Term Loan, as the name suggests “a loan from a bank or financial institution for a fixed amount that is repayable in regular instalments over a fixed period of time that range between 1 to 10 years or may extend up to 30 years.” Interest rates charged on this type of loans may be fixed or floating which varies with market fluctuations. Term loan offer you option for monthly or quarterly repayment schedule with fixed maturity period.
Medium and Long Term loans are known as term loans which have maturity period of more than 1 year. Term loans are generally offered for businesses for their capital expenditure, purchase of fixed assets like land, construction of factory building, machinery, equipments etc. However, term loan can also be taken by individuals.
Term Loan Features
Purpose – Terms loans are granted for purpose of starting a new business, renovation, expansion of business, purchase of land, plant, machinery for setting up factory, construction of factory building, purchase of fixed assets etc. Terms loans are also offered for financing current asset to meet working capital requirement.
Secured Loan – Term Loans are a type of secured loans in which assets that is financed by lender act as prime security. Whereas collateral security may also be offered by borrower in addition to prime security. Security may be mortgage of land, plant and machinery, building etc.
Interest Rate – Interest rate is decided by the lender after evaluating credit risk, amount of the loan and term.
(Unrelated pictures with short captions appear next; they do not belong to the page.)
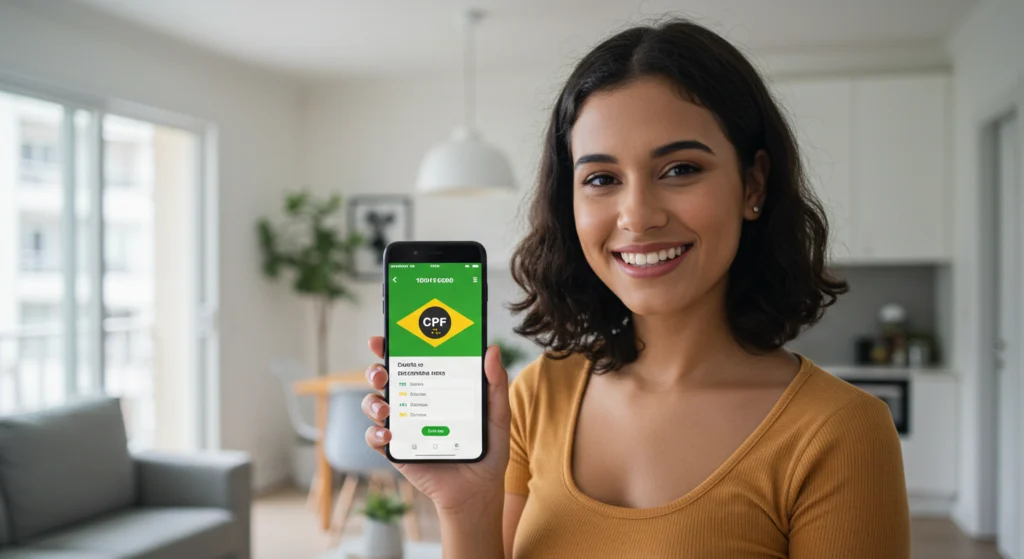 Pessoa-feliz-verificando-o-CPF-limpo-no-celular-apos-5-anos-de-divida.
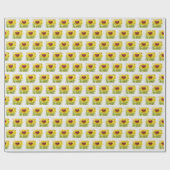 Roze zonnebril op zonnebloem cadeaupapier (Vlak)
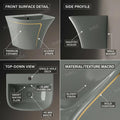 InArt Glossy Grey Wall-Mounted Ceramic Bathroom Sink with Half Pedestal, 21.3 Inch, additional product view 3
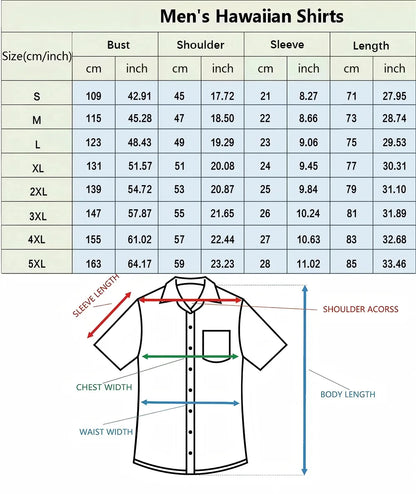 Hawaiian Botanical Flower Print Men's and Women's Short Sleeve Lapel Seaside Button-Down Shirt Top Casual Fashionable Shirts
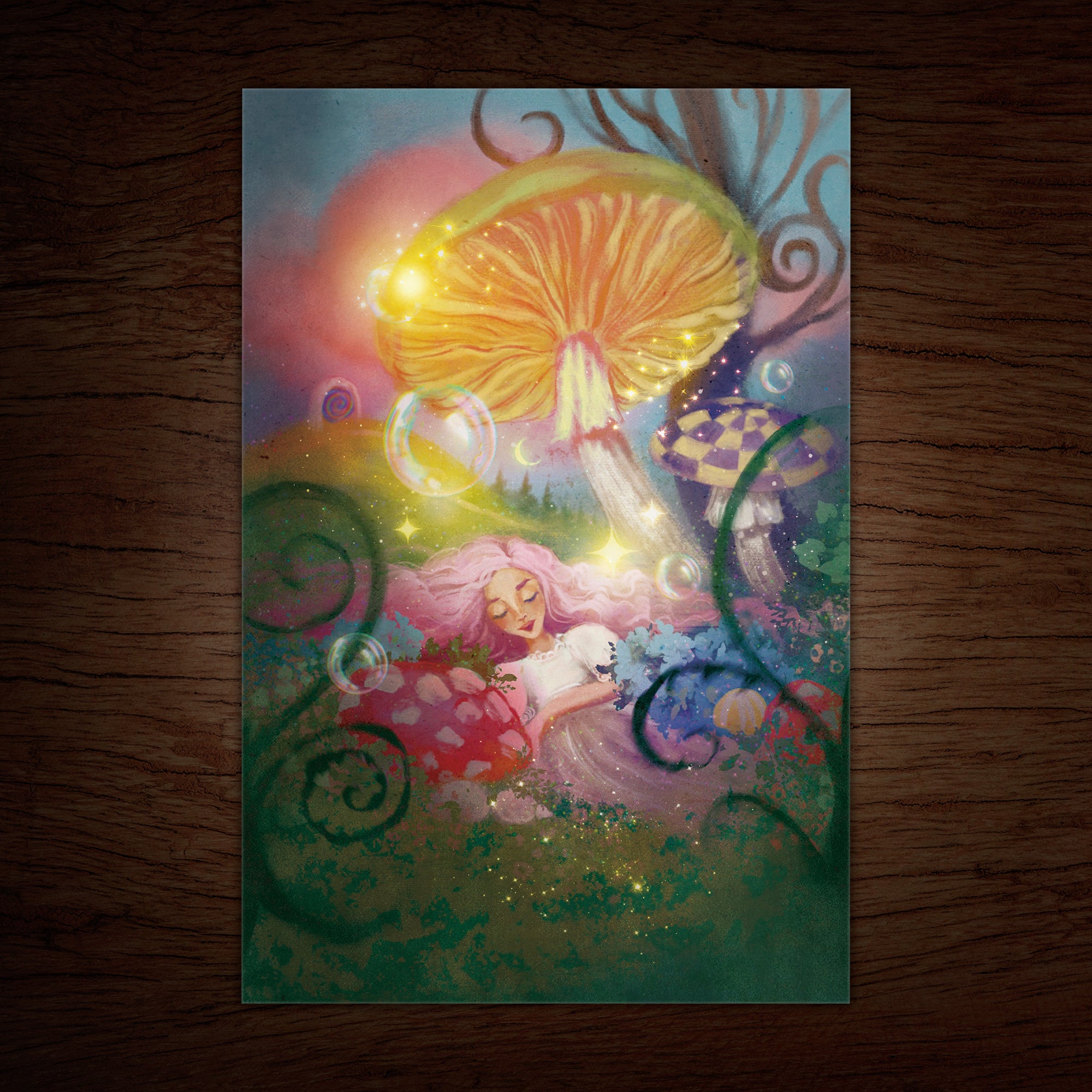 Magical Mushrooms Greeting Card, Enchanted Fairy Forest (13), 4 x 6 inches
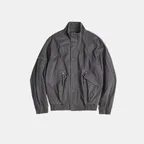 ADVENTURE BLEACHED BOMBER JACKET (FADED CHARCOAL)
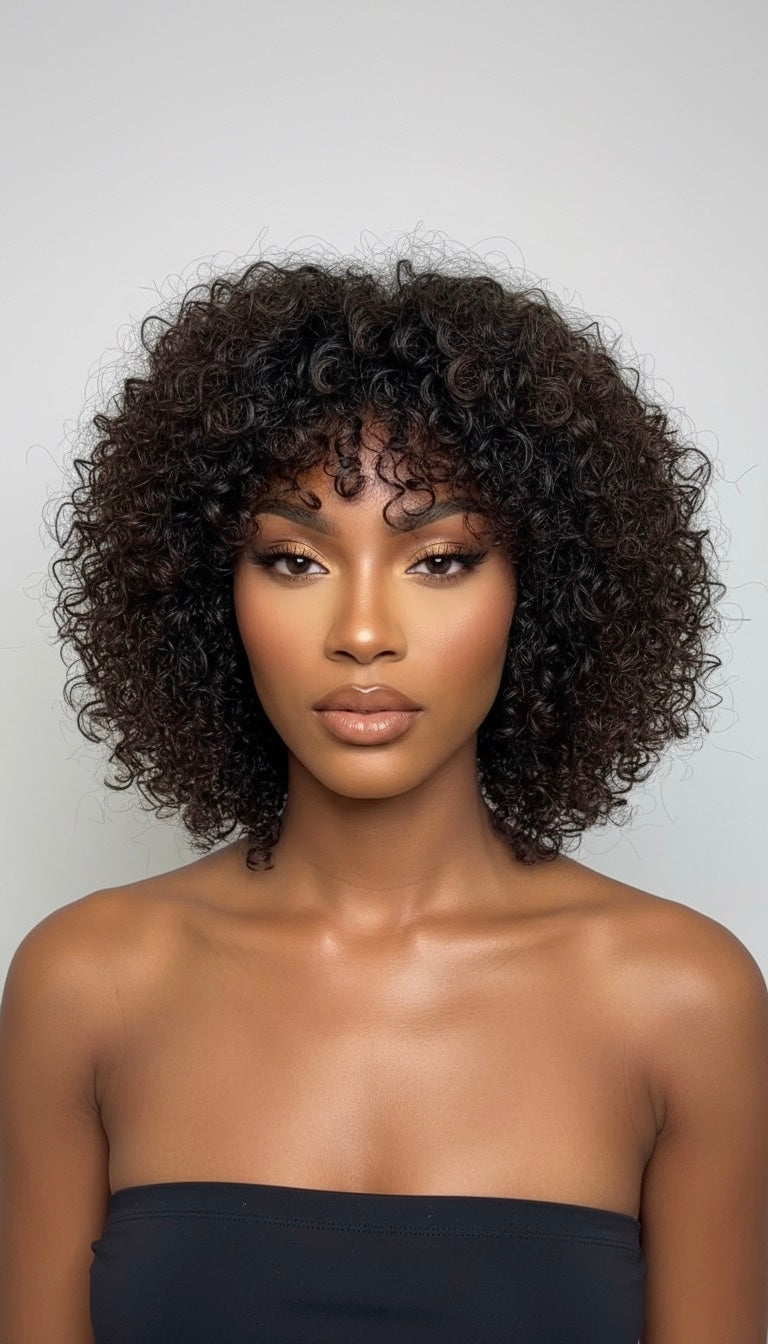 Perruque cheveux vierges -Ruth bouclés avec frange sans colle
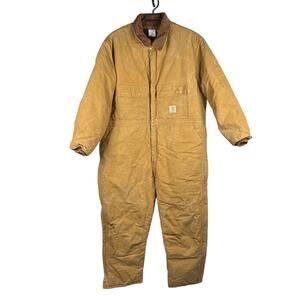 Carhartt Coveralls Mens 54 Short* Brown X02 Arctic Quilt Lined Duck Canvas Work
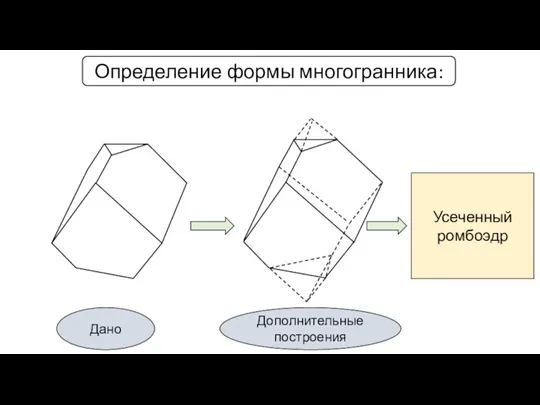 Определение формы многогранника: Дано Дополнительные построения Усеченный ромбоэдр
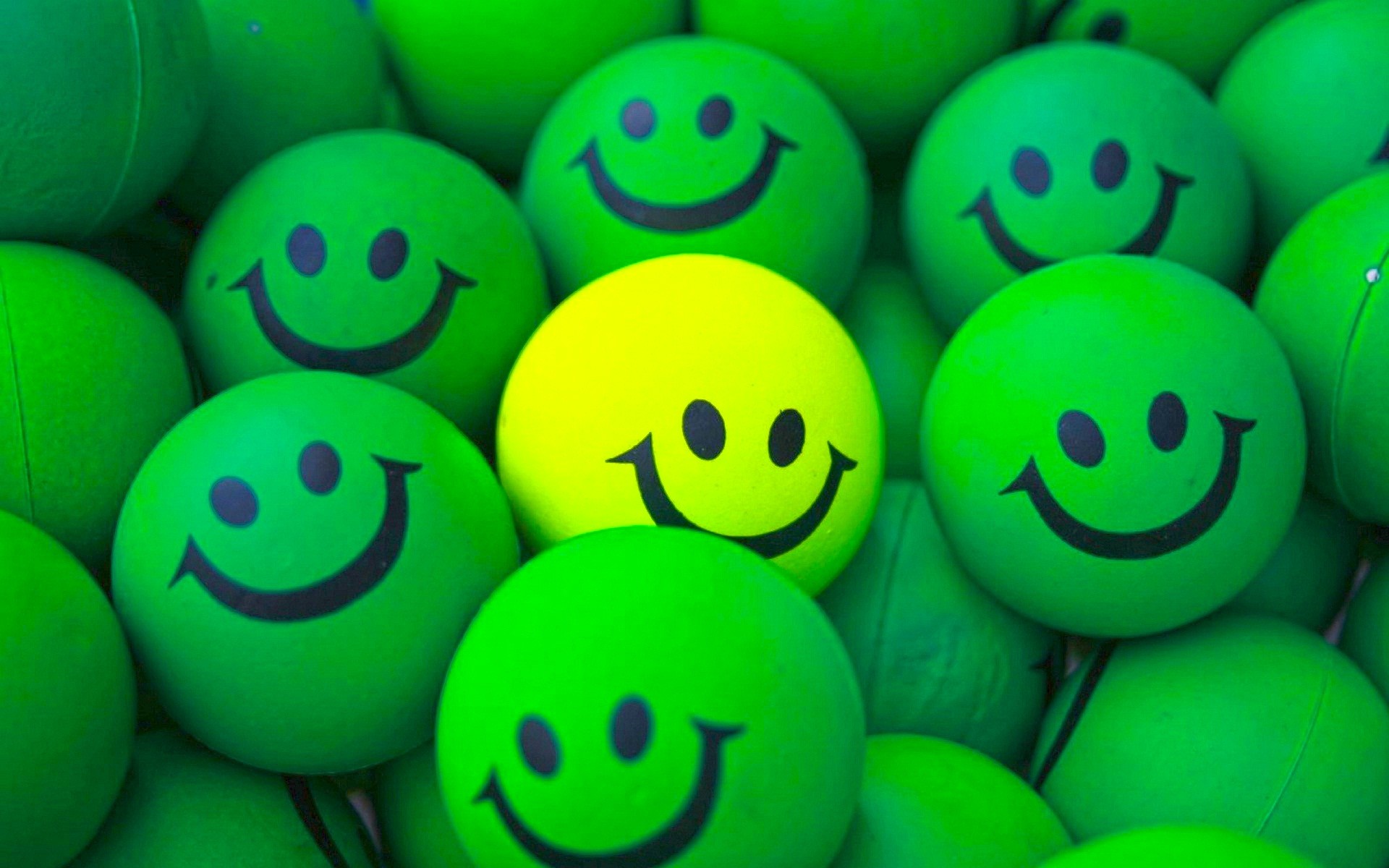 Smiley, Faccine sorridenti, Verde, Giallo, Full HD, sfondo Windows 11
Interest rates are subjected to minimum lending rate which differ from bank to bank.
Repayment – Repayment of the term loan is to be made within the fixed term in regular instalments regardless of financial health of the borrower.
Maturity Period – Term loan’s maturity period lies between 5 to 10 or 30 years however the period can be rescheduled to help the borrower in financial difficulties.
Obligation on Interest / Principal Repayment – Repayment of principal amount along with interest is definite obligation on the part of borrower regardless of the financial situation of the borrower.
Penalty – Bank or financial institution levy a penalty in case of default in repayment of principal and interest.
Commitment Fee – Commitment Fee is charged by the lender on unused credit / loan amount.
Restrictive Covenants – Beside assets security, Bank or financial institutions add a number of restrictive covenants to protect themselves. Bank ask the borrower not to raise additional finance, maintain its minimum asset base, restrain firm’s cash flow etc.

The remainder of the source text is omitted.